John Philip Sousa’s “El Capitan” (1896)

Kurt Gänzl
The Encyclopedia of the Musical Theater
4 July, 2022

One of the earliest successful comic operas to come out of America, El Capitan was also the one successful attempt by ‘March King’ John Philip Sousa to provide an enduring musical score for the theatre.

Poster from the original production, illustrated by Sewell Collins. (Photo: Wikipedia)

Poster from the original production, illustrated by Sewell Collins. (Photo: Wikipedia)

This success owed no small debt to Charles Klein’s libretto which, if it was made in the familiar mould of Continental comic opera texts, and composed of a web of well-used plot elements, was nevertheless a shapely, coherent and funny piece of its kind. It premiered on 20 April 1896 in New York at the Broadway Theater.

It also owed no small debt to the performance of the tall, basso comedian de Wolf Hopper in its starring rôle.

The Viceroy of Peru, Don Luiz Cazzaro Thomas S Guise), has been deposed by the Spanish government, and Don Errico Medigua (Hopper) sent out to replace him. Cazzaro has, however, not taken his dismissal lightly and is plotting, with a band of bravos and some of the local populace, to regain his position by force.
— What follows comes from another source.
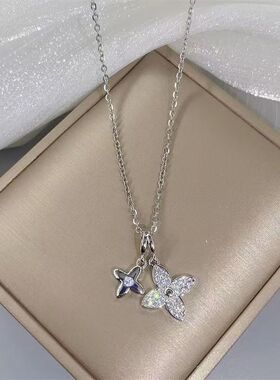 小众设计2025新款双倍四叶花项链女气质高级感甜美潮酷锁骨链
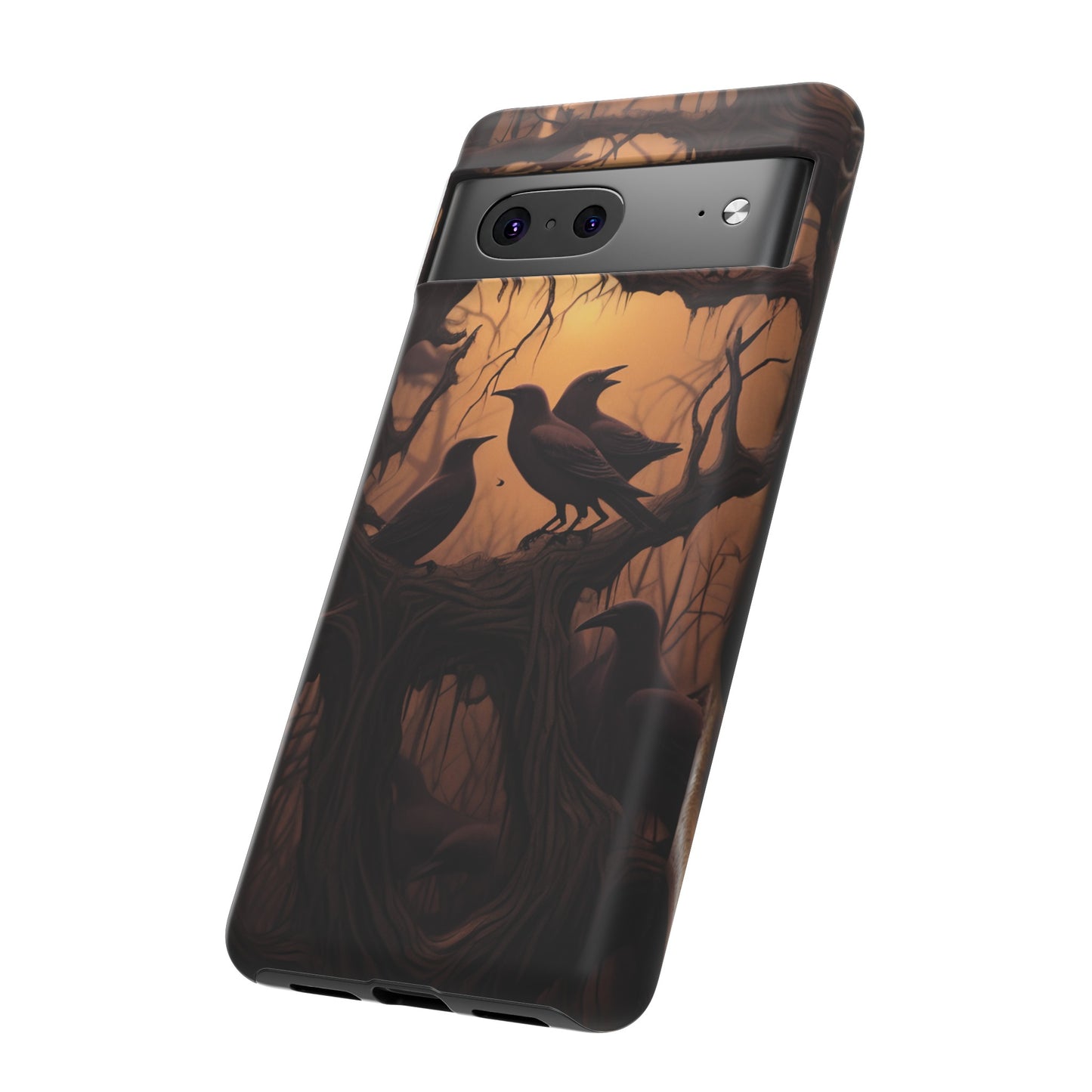 Ravens at Dusk Phone Case – Gothic Halloween Design with Edgar Allan Poe Inspired Crows for iPhone, Samsung Galaxy, and Google Pixel Devices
To this end he has hired the famous Spanish mercenary known as ‘el Capitan’. But Don Medigua has discovered all this plottery whilst still on the high seas to South America and, knowing el Capitan to have been killed in a shipboard, he concocts a wily plot to turn the tables of Cazzaro.

The cover of the vocal score for Sousa's "El Capitain." (Photo: Wikipedia)

The cover of the vocal score for Sousa’s “El Capitain.” (Photo: Wikipedia)

On his arrival, he hides himself away from the Peruvian populace, and devotes himself to building the reputation of ‘el Capitan’ up to a ferocious height. Then – when the moment is ripe – he emerges, himself, in personation of the mercenary and takes command of Cazzaro’s forces.

The phoney ‘el Capitan’ leads the rebel army round in swashbuckling circles until they are too exhausted to face the Spanish troops, after which Medigua (now as himself) defeats himself (as ‘el Capitan’) in battle and, with his viceregal hat now firmly in place and all resistance quashed, he takes up his Peruvian throne in time for the curtain.

Alice Hosmer played Medigua’s wife, Princess Marghanza, distraught at being seconded to the wilds of Peru in exile from the social delights of the European metropolis, Bertha Walzinger was his daughter, Isabel, who conducts an incidental romance with one Count Hernando Verrada (Edmund Stanley) in order to provide the opportunity for some sentimental music, Edna Wallace Hopper was the tempestuous Estrelda, daughter to Cazzaro, and determined to hook herself the famous war-leader as a husband, whilst librettist Klein himself appeared as the bewildered court Chamberlain, Signor Amabile Pozzo, kidnapped by the enemy in mistake for his employer.

Composer John Philip Sousa. (Photo: Wiki Commons)

Composer John Philip Sousa. (Photo: Wiki Commons)

Sousa’s comic-operatic score, an amount of it re-used from his previous shows, which had not made it to New York, included some fine concerted music, and a regular layout of typical numbers from the romancing of the juveniles (Sweetheart, I’m Waiting’), to the comical ‘A Typical Tune of Zanzibar’ and the marching strains of el Capitan’s entrance song, both sung by the disguised Medigua.

After El Capitan’s first Broadway run of 112 performances, Hopper took ‘his’ show to the country, running it round America for two full seasons (‘phenomenal houses … the chorus is big enough to hide the scenery..’), returning for repeat showings in New York both in 1897 (Broadway Theater 22 February, 4 weeks) and 1898 (Fifth Avenue Theater 21 February) before taking the company across to London to play El Capitan at the Lyric and Comedy Theatres with Miss Hosmer, Jessie Mackaye, Nella Bergen, Harold Blake and Henry Norman in support of the star.

A look at modern-day Peru. (Photo: Ioana Mohanu / Unsplash)

A look at modern-day Peru. (Photo: Ioana Mohanu / Unsplash)

The show was well received in London, and it ran for some five months, after which Hopper produced his and Sousa’s subsequent The Charlatan (Mystical Miss). Hopper kept El Capitan to hand for a number of years, and it now shares with Robin Hood the distinction of representing 19th-century American comic opera to end-of-20th-century folk, a fact which has earned it a number of interested revivals, notably one at the Goodspeed Opera House in 1973 (11 June) with John Cullum featured in Hopper’s rôle.

What seems to have been a primitive version of the show, set in Spain and entitled The Wolf, was announced for production by Francis Wilson as early as 1889.

If so, Klein and Sousa were lucky that they waited for Hopper.